[quoting @Pharoah]
Pharoah "The alternative provides a unified concept of information as a relation of meaning in a world of interactions where self-regulatory processes lead to increasingly complex structures that have an observer-dependent informational relation to and about the world with which they interact. *The view that information is not some thing that exists independently of the observer but is solely a function of an observer’s dynamic construction inverts the syntactic–semantic dilemma for there is no requisite translation of one to the other in the derivation of meaningful content. The observer is itself a construction that defines the environment qualitatively and quantitatively and from that position then qualifies information in those self-referential terms."

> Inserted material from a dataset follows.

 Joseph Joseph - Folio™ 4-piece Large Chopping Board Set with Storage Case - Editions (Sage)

Underscored above are some additional terms and phrases that I think might be revised for greater clarity.
First,
"an observer-dependent informational relation" suggests that living beings are merely passive observers of their environing worlds," but we know that living beings also move and act in their environments and thereby learn experientially, directly, about the nature of things and others they encounter. Note: I know what you're getting at, but it's the word 'observer' that masks the distinction between living organisms that perceive their surroundings by acting within them and machines that are engineered to measure some physical processes in the environment in which they are placed.
The underlined sentence that follows --
"*The view that information is not some thing that exists independently of the observer but is solely a function of an observer’s dynamic construction inverts the syntactic–semantic dilemma for there is no requisite translation of one to the other in the derivation of meaningful content."

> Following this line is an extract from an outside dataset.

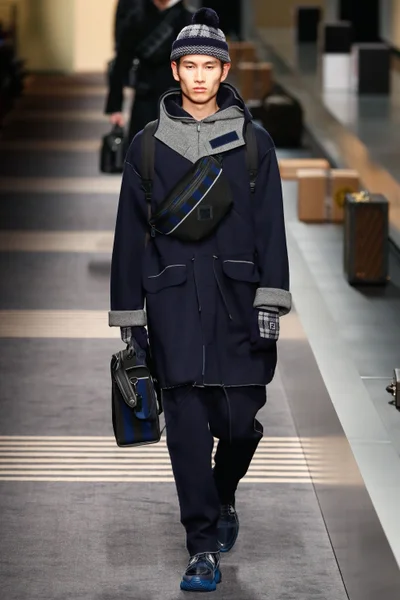 Look 12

makes sense to me [since I follow your general direction], but it would make more sense if instead of referring to "an
observer's dynamic construction" you would refer to
'a living animal's dynamic construction' since it is the animal's dynamic interactions with things and others in its environment that grounds further development and success in surviving and even thriving. Without making clear that it is the animal's lived experience that enables it to learn and cope in its situation, the reader is left with the impression that the animal -- more than an 'observer' -- actively participates in the development of its own dynamic, interactive, behaviors.
Finally, the statement that
"the observer is itself a construction" is misleading because it implies that living, experiencing, animals actively functioning in their environments do so on the basis of their having been 'constructed'/engineered by 'outside information', in the way we would construct a machine. That last sentence reads:
"The observer is itself a construction that defines the environment qualitatively and quantitatively and from that position then qualifies information in those self-referential terms."
Granted that the
living animal is not a 'predesigned construction' but rather actively makes its way in its worldly environment, I wonder how we can say that it 'defines its environment'? Rather it "qualitatively and quantitatively" experiences its environment from a 'self-referential perspective' embedded in its awareness of being-in {situated in} an environing world.
I hope these suggestions help toward disambiguating some of the language that I think is leading to confusion for some readers.
*Now ... all you gotta do is explain how. ;-)
I think Panksepp's prodigious research and writing is probably our best available guide to explaining 'how' animals experience their actual environments and thereby come to 'know'/understand relevant aspects of their environments [safe terrain and dangerous terrain; what can be expected from their conspecifics v what can be anticipated from predators, etc.]. To a great extent animals 'carve out' and adapt their ecological niches and the territories adjacent to them when they explore these territories.